Config Dimensions L x Dia (in, cm) Unit Weight (g) Transmitter Electronics Operational Life @ 60BPM (months) Operational Life @ 30BPM (months) Conventional Sensor Options
IMP-CHP-5P 1.44 x 0.62 x 0.37
3.66 x 1.57 x 0.94
6.8 CHP 7.4 13.4 conventional S2 temp
IMP-CHP-6P 1.0 x 0.62 x 0.37
2.54 x 1.57 x 0.94
3.7 CHP 3.7 6.7 conventional S2 temp
IMP-CHP-7P 0.83 x 0.45 x 0.37
2.11 x 1.14 x 0.94
2.2 CHP 1.5 2.8 conventional S2 temp
IMP-CHP-8P 0.90 x 0.42 x 0.25
2.29 x 1.07 x 0.64
1.2 CHP 0.5 1 conventional S2 temp

**Note: The CHP micro miniature transmitter is designed for use with a small battery system. The power output is matched to the power provided by the small battery. Therefore the standard power for an IMP/CHP is much lower than the standards power for a MK8 or MK9 subsystem. This is true of micro miniature transmitter technology in general and throughout the industry.

Specifications for Transmitter Electronics

CHP Conventional Control Options

OPT. S2 Temperature Sensor. Sensor provides pulse rate which varies according to temperature within the transmitting subsystem. User specifies desired pulse rate at anticipated median temperature and approximate range of temperatures to be monitored. Pulse rate increases at higher temperatures and decreases at lower temperatures.

Cautionary Notes for Implantable Subsystems

1. Most Telonics implantable telemetry transmitting subsystems utilize an internal transmitting antenna structure. The structure is contained inside the packaging of the implant. This type of antenna can be tuned to either air or the dielectric of the body. The tuning choice will affect where (in air or in the body) the maximum range performance will be achieved. If the unit is tuned to air, the unit's best performance will be achieved when air surrounds the implant. If the implant antenna is tuned to the dialectic of the body, the best performance from the implant will be achieved when the implant is actually inside the body cavity. Note: When testing, it is necessary to place the implant in the medium in which it will be expected to operate. This is particularly true when trying to obtain more accurate range performance test data.
For extremely large bodied animals (over 100 pounds), it should be noted that the large mass reduces the effective radiated power of the implant, thereby reducing the range performance of the system. When implanting small terrestrial mammals, the implant is often carried only a few inches off the surface of the earth and thus the range is reduced because line-of-sight range is also reduced under these conditions.

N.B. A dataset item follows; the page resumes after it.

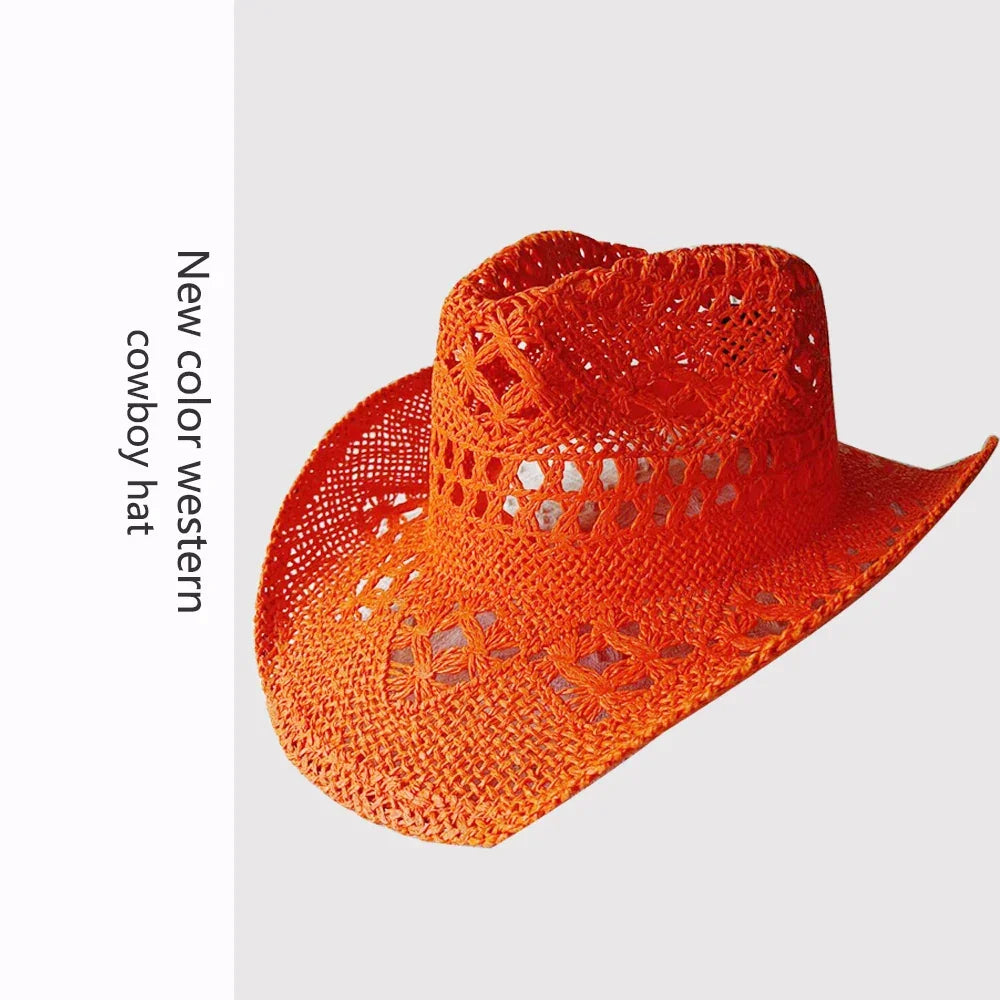 Melesh Western Women's Mint Green Cowboy Hat Straw Cowboy Hat Plasticity Strong Wide Brim Sunshine Beach Western Cowboy Hat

2. Cold method sterilization should be utilized when sterilizing units prior to implantation. The physiological wax can melt with hot method sterilization techniques compromising the units' moisture repelling properties. Also note, units should be stored in a cool environment (such as a cooler) during transportation in vehicles, or kept in a cool environment during periods of storage.